45.

1.6K 73 9
                                    


Obudziłam się przed Michałem. Zaraz po otwarciu oczu zobaczyłam jego spokojną, zrelaksowaną twarz i na moje usta wpłynął czuły uśmiech. Wyciągnęłam dłoń przed siebie i przejechałam nią delikatnie po jego policzku. Nie chciałam go jeszcze budzić, ale pragnienie dotknięcia go było zbyt silne, bym mogła się mu oprzeć. W końcu pozwoliłam Michałowi na spokojny sen, a sama postanowiłam już wstać. Początkowo pomyślałam, że zejdę do siebie, żeby się trochę ogarnąć i przebrać, ale potem moje spojrzenie wylądowało na białej koszuli Kubiaka, którą wczoraj miał na sobie, wiszącej teraz niedbale na oparciu krzesła. Nie byłam pewna, czy to dobry pomysł, ale szybkie spojrzenie na śpiącego Michała i wyobrażenie sobie jego miny, gdy mnie zobaczy... To mnie przekonało. Zgarnęłam ją w dłonie i najciszej jak tylko potrafiłam, ruszyłam do łazienki. Kiedy wychodziłam, siatkarz nadal spał, co przyjęłam z uśmiechem na ustach. Skierowałam się do kuchni, gdzie zrobiłam nam naleśniki na śniadanie. To było takie typowe, ale nie potrafiłabym się skupić na tyle, by przygotować coś bardziej wymagającego. Nie z tym uśmiechem na twarzy i zupełnie niekontrolowanymi myślami, jakie pojawiały się w mojej głowie. Z chęcią puściłabym sobie radio, ale nie chciałam, żeby Michał się już obudził.

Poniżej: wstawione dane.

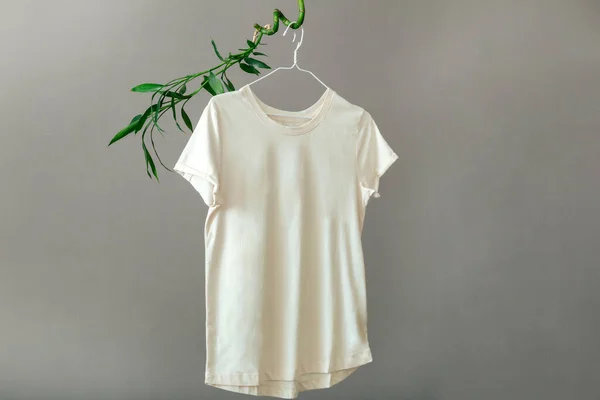 stock image Beige T shirt hanging on hanger on plant Bamboo branches Isolated on gray background. Minimalistic Eco Concept Basic clothing T-shirt mockup.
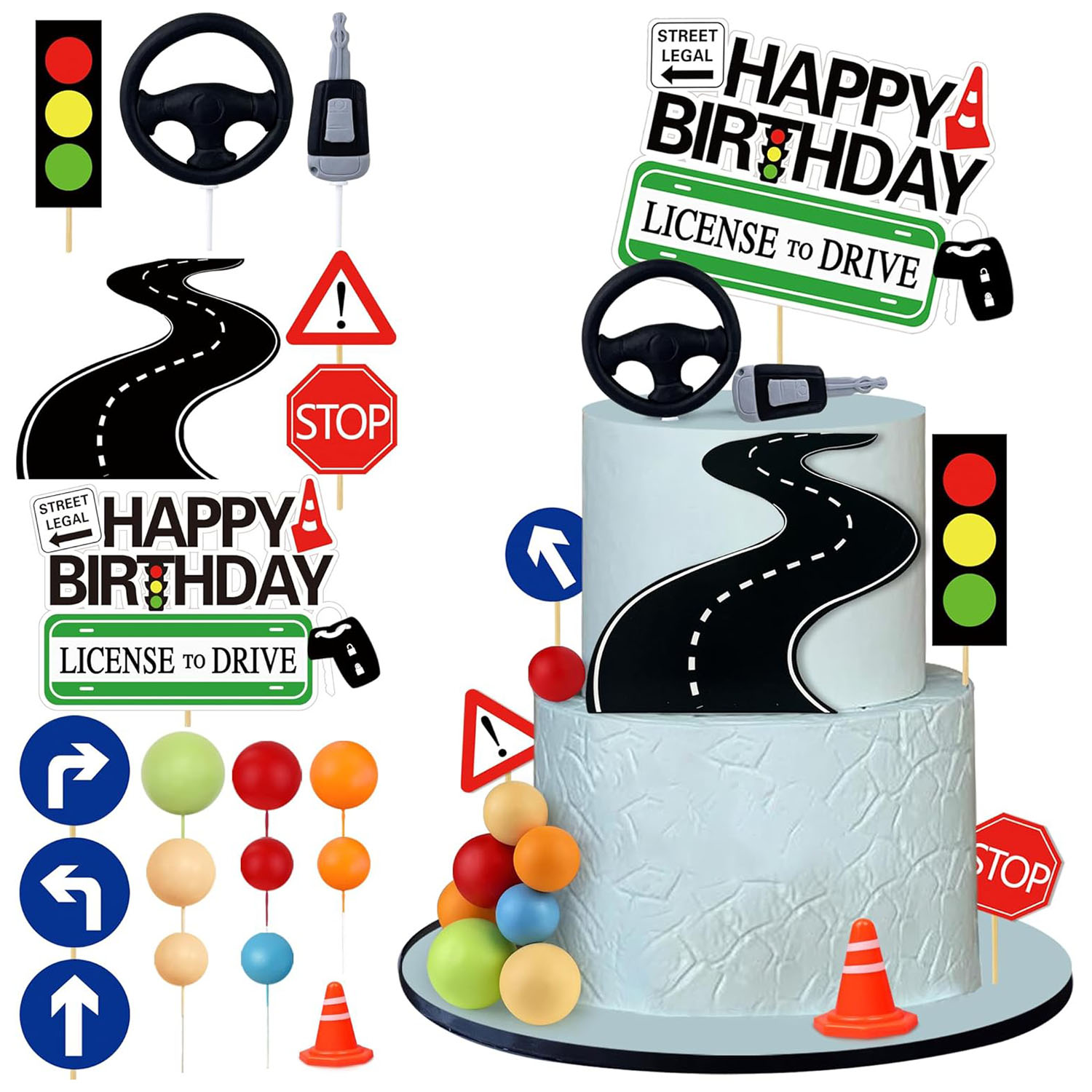 Lighting Mcqueen Birthday Decor - Topper de bolo de licença de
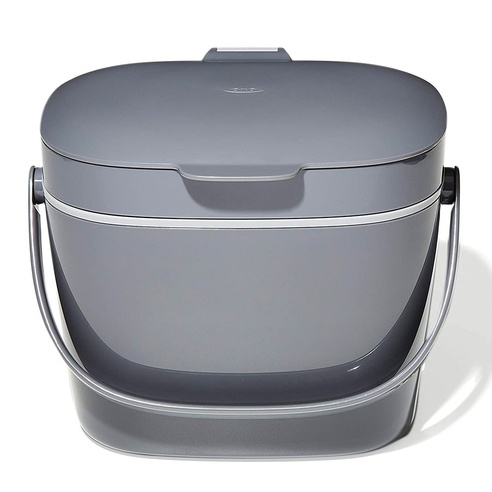 OXO Good Grips Compostemmer - Afvalbak Aanrecht - 6,5L - Grijs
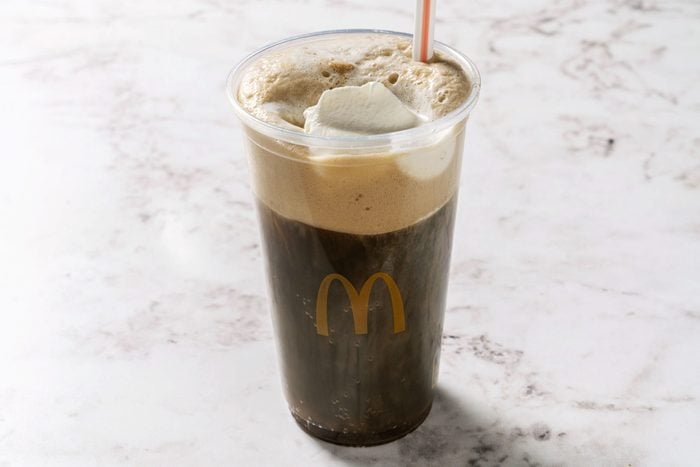 A McFloat on a marble table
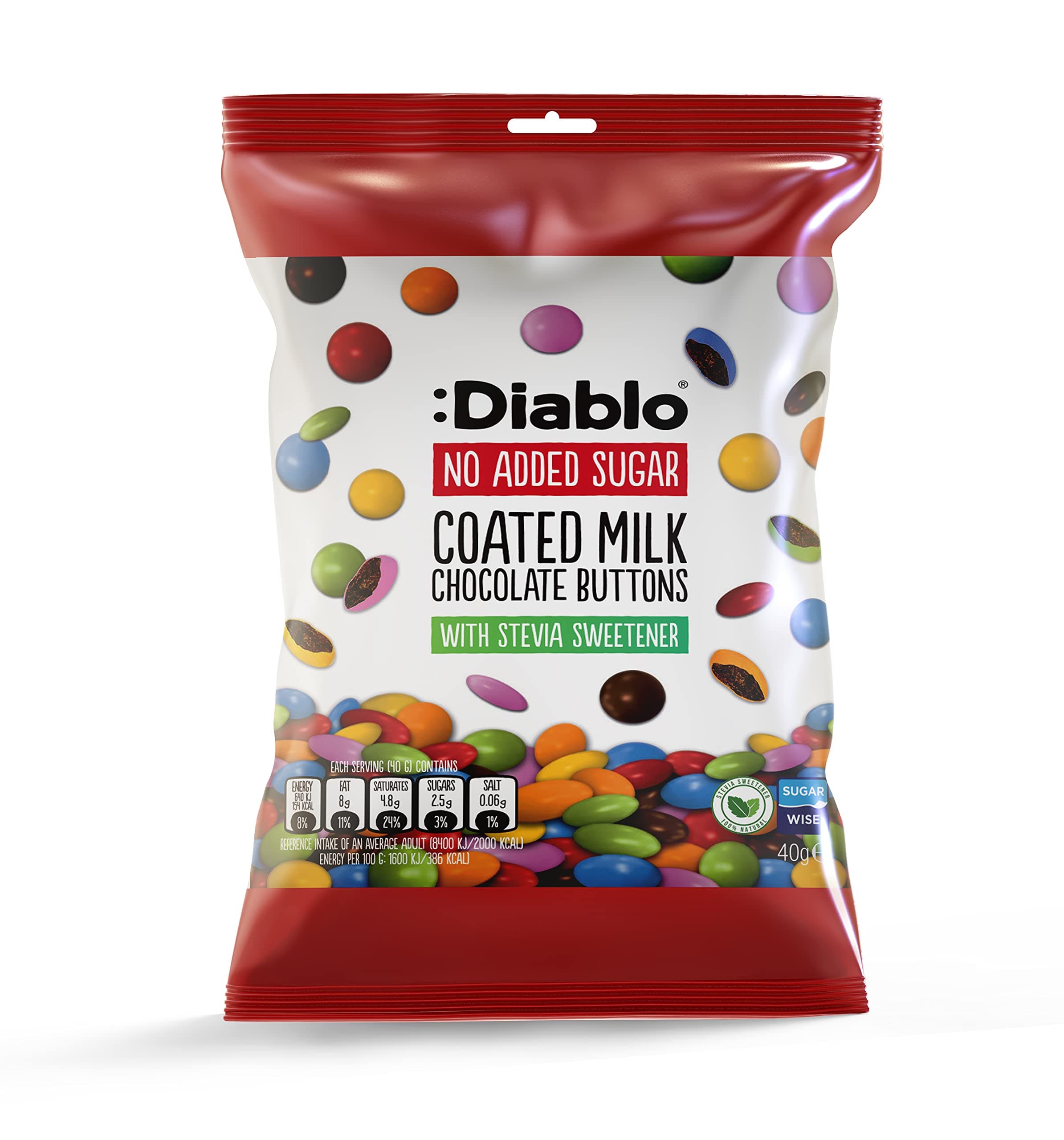 Diablo Chocolate Candy Coated Buttons - No Sugar Added, Bite Size Colorful Shell Coating - Sweetened with Stevia, Perfect for Gifting Chocolates - 40g, Milk Chocolate, Pack of 1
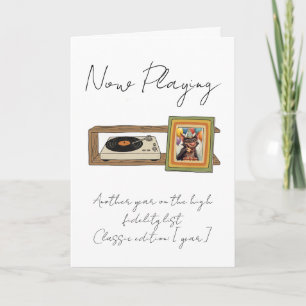 Retro Vinyl Platenspeler Foto Persoonlijk Kaart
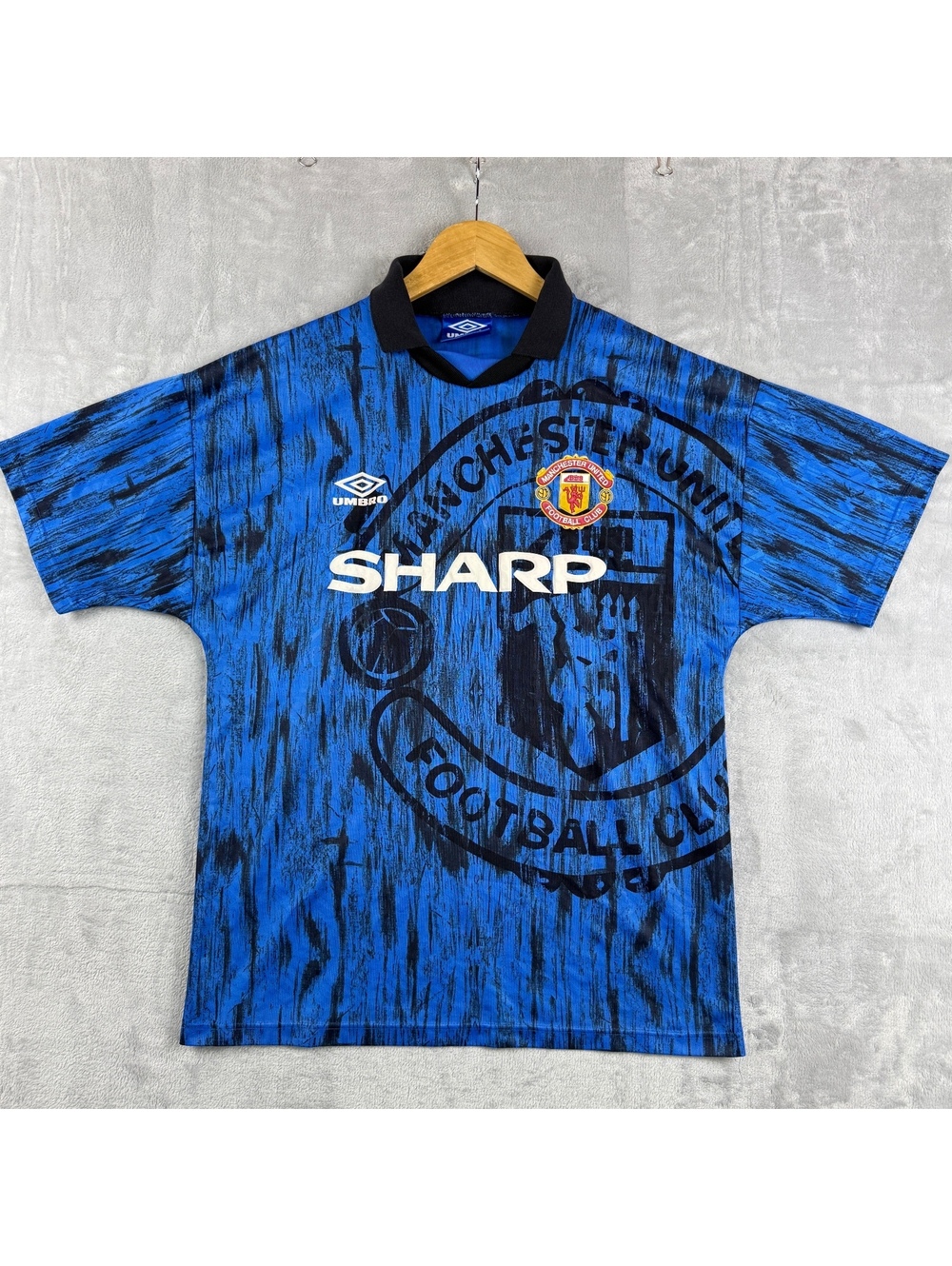 Vintage 1992-94 Umbro Manchester United Sharp Away Jersey Shirt M England Made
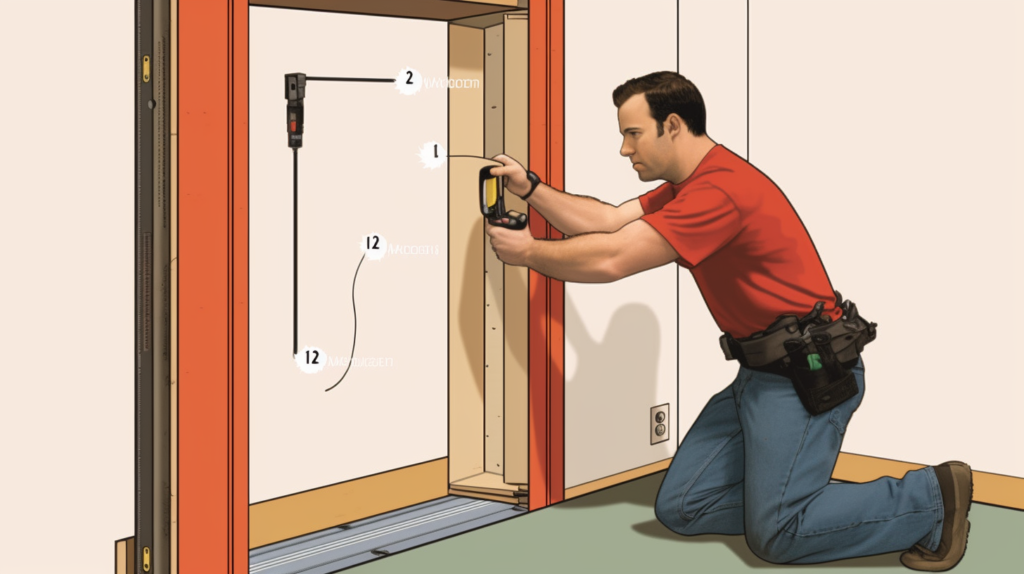 A step-by-step visual guide to the third stage of soundproofing a sliding door – 'Installing Weatherstripping.' The image showcases a person taking precise measurements of the door edges, cutting rubber weatherstripping strips, and meticulously installing them along the frame. Arrows guide the viewer through the careful process, emphasizing the need for even and precise installation to create a strong bond that effectively seals off airflow and prevents noise leaks. This visual highlights the significance of thorough weatherstripping as a crucial preparation for the next stage of adding sound dampening materials to the door.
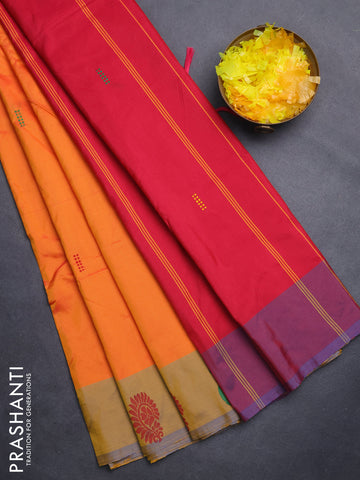 Arani semi silk saree orange and dual shade of maroon with thread woven buttas and thread woven butta border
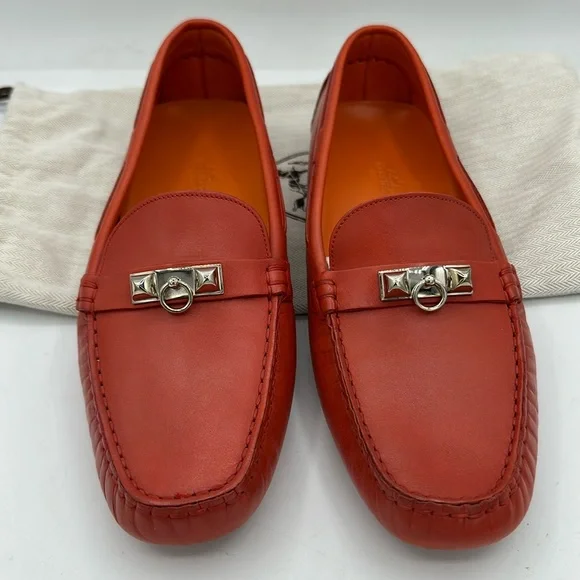 Hermes | Shoes | Hermes Irving Loafers Orange Red Womens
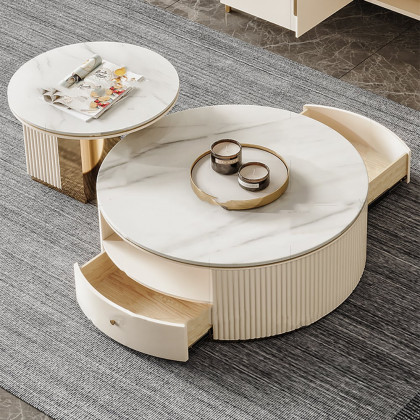HMR - Mytures Modern Round Nesting Coffee Table with Storage White Sintered Stone Set of 2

Jednak i tak się obudził, co zauważyłam dopiero wtedy, kiedy obróciłam się z gorącą patelnią w dłoni i niechcący w niego uderzyłam. Tą gorącą patelnią. Nie spodziewałam się, że będzie stał zaraz za mną. Nawet nie usłyszałam, kiedy wszedł do kuchni. Byłam za bardzo rozkojarzona. Ale widząc grymas bólu na jego twarzy, w sekundzie doszłam do siebie i pociągnęłam go za rękę do łazienki. Nie dałam mu nawet dojść do słowa. Czułam się winna, że potraktowałam go patelnią tak zaraz z rana. Zamoczyłam ręcznik w zimnej wodzie i przyłożyłam go do jego piersi, gdzie już widniał podłużny, czerwony ślad. Ale chyba niepotrzebnie się wysilałam, bo Michał zamiast mdleć z bólu, uśmiechał się zadziornie.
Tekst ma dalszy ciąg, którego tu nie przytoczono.